Task description>
Search the entries below for the line containing "this 640×480 image."; from there to the end, return every line exactly and add nothing.

Start of Dataset entries

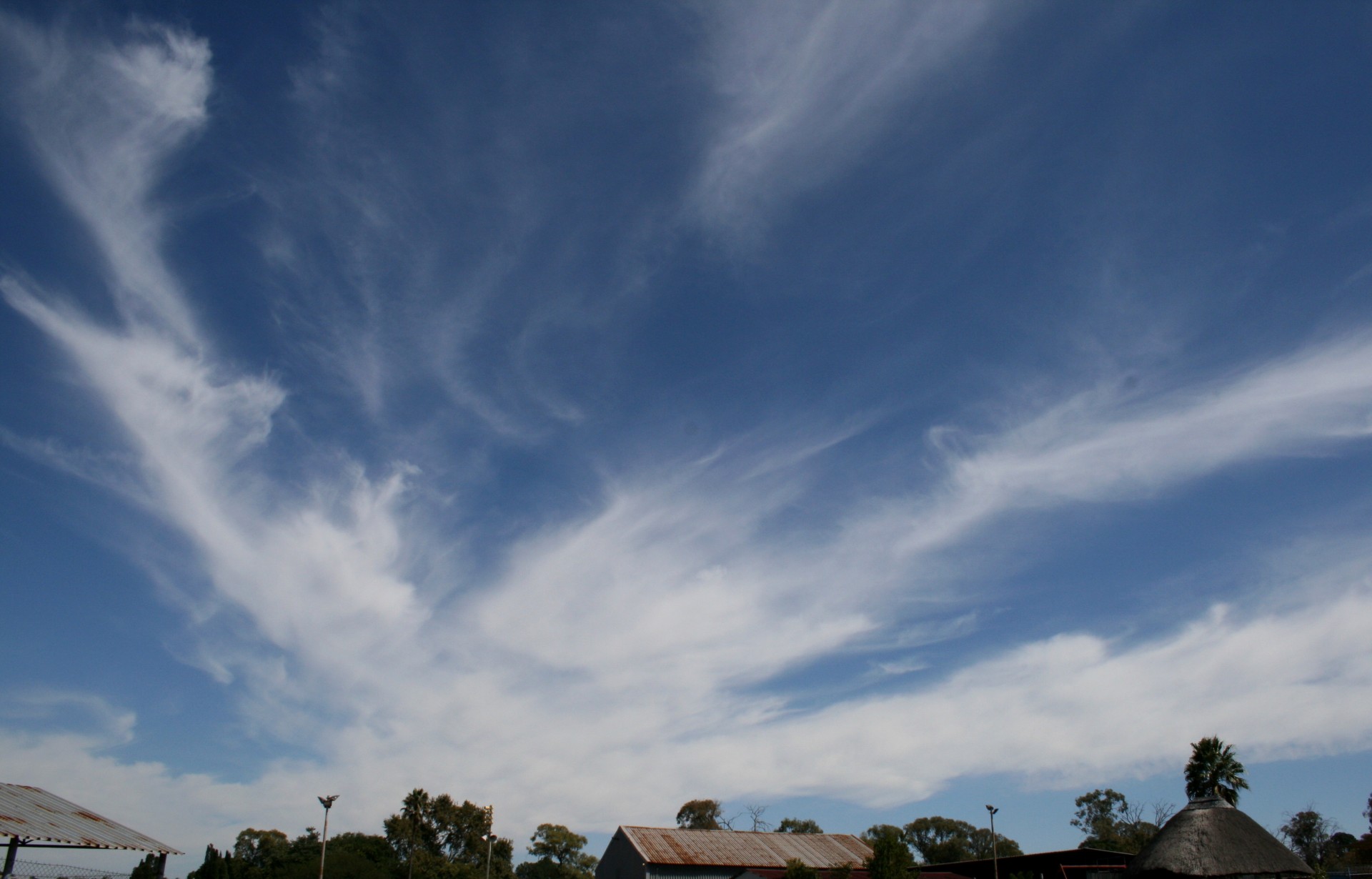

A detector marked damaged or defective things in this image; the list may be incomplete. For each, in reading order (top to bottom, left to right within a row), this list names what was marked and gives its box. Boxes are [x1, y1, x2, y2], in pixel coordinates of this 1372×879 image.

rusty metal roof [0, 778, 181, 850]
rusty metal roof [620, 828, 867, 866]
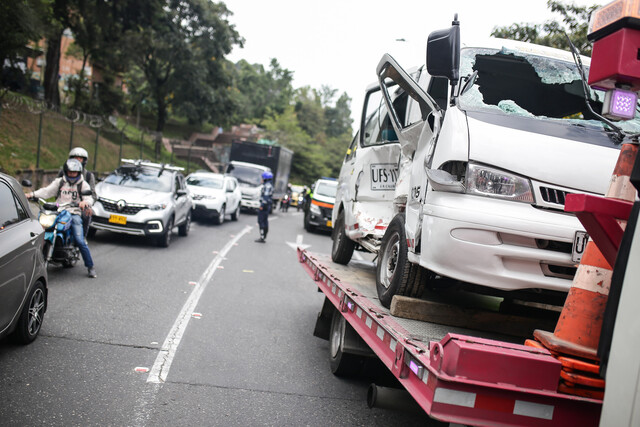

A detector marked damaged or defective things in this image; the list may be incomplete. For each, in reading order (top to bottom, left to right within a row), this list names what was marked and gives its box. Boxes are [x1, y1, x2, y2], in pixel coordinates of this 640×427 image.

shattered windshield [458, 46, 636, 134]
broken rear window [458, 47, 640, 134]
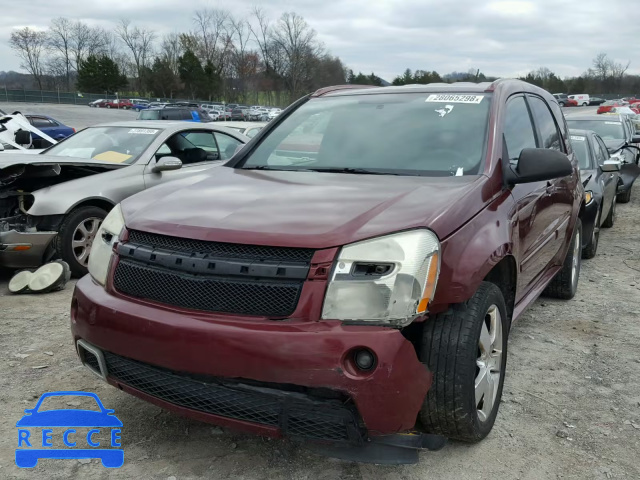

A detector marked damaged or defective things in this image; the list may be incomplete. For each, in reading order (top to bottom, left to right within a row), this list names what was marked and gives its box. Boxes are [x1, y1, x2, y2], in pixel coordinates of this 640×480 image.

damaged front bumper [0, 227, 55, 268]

End of Dataset entries

Answer for the task>
A detector marked damaged or defective things in this image; the list may be incomplete. For each, in reading order (top to bottom, left to right within a row), this list names what was marked and gives its box. Boxes are [x1, y1, x2, y2], in pixel coordinates of this 640×480 image.

damaged front bumper [0, 227, 55, 268]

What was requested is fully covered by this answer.